Edgard a contribué à maintenir vivante dans la communauté hispanique américaine l’identité latino-américaine, dont l’un des éléments est le christianisme populaire libérateur, mais pas une identité singulariste et fermée, mais ouverte et en dialogue avec d’autres identités culturelles formant l’interidentité.
Ces dernières années, il a entretenu une relation étroite avec son compatriote Hosffman Ospino, théologien et professeur à la School of Theology and Ministry du Boston College, avec lequel il a partagé les rencontres de la communauté hispanique des États-Unis pour analyser la situation injuste dans laquelle se trouve cette communauté et ouvrir des chemins d’espoir dans l’engagement de libération. Pendant ces années, ils préparent une sélection de textes d’Edgard en vue de leur publication. J’espère qu’il verra bientôt la lumière du jour. Je serai heureux de contribuer à cette publication indispensable. Je profite de cette occasion pour exprimer ma gratitude à Edgard pour avoir proposé mon nom à Hosffman, qui m’a invité en 2018 à donner un cours à l’École de théologie et de ministère du Boston College, où j’étais accompagné des théologiens Felix Palazzi et Rafael Luciani, qui sont des collègues et amis très chers. Mes remerciements à Hosffman, Felix et Rafael.
Edgard vivant dans notre mémoire
La vie exemplaire, l’engagement social, le christianisme libérateur et l’identité plurielle d’Edgard Beltrán resteront vivants dans la mémoire des communautés ecclésiales de base latino-américaines qu’il a animées, des évêques prophètes avec lesquels il a collaboré, des théologiens et pasteurs de la libération avec lesquels il a partagé la tâche transformatrice de l’évangélisation libératrice.

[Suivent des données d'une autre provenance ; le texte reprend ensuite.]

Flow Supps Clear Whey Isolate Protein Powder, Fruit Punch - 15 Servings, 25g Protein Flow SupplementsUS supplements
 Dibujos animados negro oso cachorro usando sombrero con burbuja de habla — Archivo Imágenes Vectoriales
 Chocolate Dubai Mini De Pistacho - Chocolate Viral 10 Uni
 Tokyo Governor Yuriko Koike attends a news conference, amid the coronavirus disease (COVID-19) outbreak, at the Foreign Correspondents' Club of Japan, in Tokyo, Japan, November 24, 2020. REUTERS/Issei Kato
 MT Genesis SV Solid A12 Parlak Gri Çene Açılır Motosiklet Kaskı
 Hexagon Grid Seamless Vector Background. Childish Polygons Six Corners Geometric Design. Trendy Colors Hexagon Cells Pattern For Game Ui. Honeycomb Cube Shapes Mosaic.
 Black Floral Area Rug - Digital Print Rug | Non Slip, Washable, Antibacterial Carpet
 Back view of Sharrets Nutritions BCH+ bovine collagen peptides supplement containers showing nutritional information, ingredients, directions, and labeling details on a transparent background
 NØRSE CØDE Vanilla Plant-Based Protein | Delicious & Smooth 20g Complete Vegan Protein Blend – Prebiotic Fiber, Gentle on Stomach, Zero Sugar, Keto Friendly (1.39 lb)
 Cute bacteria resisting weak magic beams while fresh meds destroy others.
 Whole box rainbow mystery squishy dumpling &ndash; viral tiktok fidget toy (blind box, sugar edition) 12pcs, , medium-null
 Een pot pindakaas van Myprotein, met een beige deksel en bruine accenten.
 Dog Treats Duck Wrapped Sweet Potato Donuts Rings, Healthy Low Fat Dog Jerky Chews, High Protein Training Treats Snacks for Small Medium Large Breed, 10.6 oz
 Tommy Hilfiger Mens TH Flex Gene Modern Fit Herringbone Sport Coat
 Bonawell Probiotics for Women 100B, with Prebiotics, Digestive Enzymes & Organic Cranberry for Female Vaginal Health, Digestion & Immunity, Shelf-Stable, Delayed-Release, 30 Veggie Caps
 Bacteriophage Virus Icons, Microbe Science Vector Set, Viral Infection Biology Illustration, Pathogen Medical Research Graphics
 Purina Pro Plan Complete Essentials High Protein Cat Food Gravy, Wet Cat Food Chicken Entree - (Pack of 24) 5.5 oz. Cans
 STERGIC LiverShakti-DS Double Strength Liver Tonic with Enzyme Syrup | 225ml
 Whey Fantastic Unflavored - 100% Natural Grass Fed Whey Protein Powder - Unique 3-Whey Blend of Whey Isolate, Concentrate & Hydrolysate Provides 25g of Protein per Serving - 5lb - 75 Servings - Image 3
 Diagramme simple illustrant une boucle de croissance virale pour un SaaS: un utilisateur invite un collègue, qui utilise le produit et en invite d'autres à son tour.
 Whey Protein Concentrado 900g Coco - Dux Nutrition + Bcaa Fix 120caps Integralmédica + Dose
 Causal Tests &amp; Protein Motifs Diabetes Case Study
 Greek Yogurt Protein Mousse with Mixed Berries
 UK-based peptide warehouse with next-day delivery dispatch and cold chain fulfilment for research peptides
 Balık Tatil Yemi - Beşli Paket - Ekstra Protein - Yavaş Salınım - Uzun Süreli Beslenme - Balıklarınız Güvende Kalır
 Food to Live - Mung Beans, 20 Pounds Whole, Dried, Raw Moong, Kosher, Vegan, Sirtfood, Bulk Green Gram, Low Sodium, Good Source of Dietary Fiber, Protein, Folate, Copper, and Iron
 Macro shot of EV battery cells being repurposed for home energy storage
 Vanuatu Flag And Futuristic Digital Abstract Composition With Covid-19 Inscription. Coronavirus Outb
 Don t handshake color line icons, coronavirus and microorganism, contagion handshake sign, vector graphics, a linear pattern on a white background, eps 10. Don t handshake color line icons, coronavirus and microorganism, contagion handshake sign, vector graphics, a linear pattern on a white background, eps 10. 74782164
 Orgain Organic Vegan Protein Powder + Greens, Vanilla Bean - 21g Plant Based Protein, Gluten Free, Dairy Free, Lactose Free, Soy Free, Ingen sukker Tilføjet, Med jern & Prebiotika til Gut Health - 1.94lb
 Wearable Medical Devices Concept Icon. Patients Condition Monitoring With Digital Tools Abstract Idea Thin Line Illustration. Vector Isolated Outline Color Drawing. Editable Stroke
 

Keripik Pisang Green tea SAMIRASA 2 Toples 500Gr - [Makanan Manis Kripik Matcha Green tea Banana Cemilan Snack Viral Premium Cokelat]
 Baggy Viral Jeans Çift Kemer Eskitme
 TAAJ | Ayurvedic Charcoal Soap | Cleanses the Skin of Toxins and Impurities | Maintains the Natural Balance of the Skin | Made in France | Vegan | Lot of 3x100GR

Son épouse, la sociologue asturienne Ignacia Rodríguez, qui a travaillé pendant de nombreuses années à la défense des droits des migrants, son fils Edgard Miguel, spécialisé dans la bibliothéconomie, sa fille Astrid María, qui travaille comme responsable des ressources humaines à l’université Loyola de Chicago, et ses sœurs Lucy et Amparo garderont cette mémoire vivante de manière particulière.
Ses amis se souviendront également de lui en lisant ses livres et articles, toujours provocateurs, qui ont éclairé et continuent d’éclairer les processus de transformation sociale, de réforme ecclésiale à partir de la base, de dénonciation des multiples formes de discrimination dont sont victimes les communautés de migrants aux États-Unis, de reconnaissance de leur identité et de l’exercice de leurs droits. Qu’il repose en paix comme il a vécu en paix.